§ **The input**

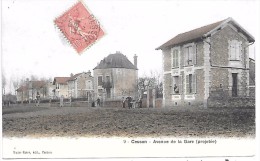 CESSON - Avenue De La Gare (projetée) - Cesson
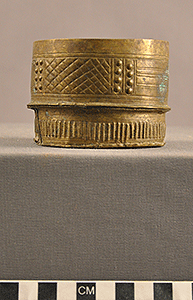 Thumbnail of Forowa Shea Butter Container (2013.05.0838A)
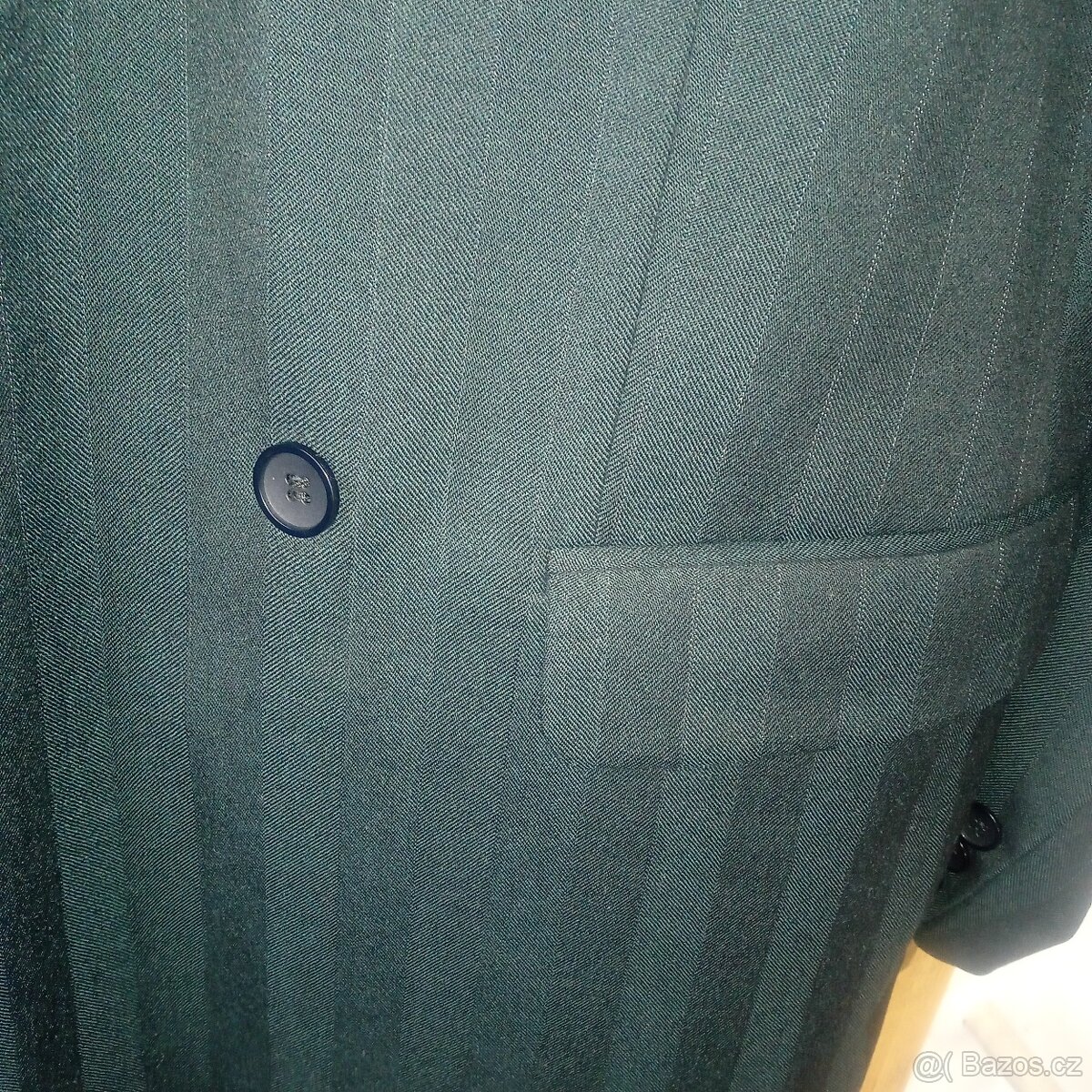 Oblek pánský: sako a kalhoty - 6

--

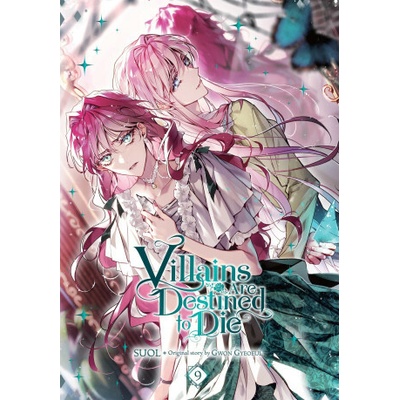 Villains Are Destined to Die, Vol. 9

§ **What is required**
Everything above from the line containing "Thumbnail of Forowa" down to the line containing "Oblek pánský: sako a kalhoty - 6" is to be duplicated exactly, both lines included, and the pictures are to be omitted.

§ **Answer section**
 Thumbnail of Forowa Shea Butter Container (2013.05.0838A)
 Oblek pánský: sako a kalhoty - 6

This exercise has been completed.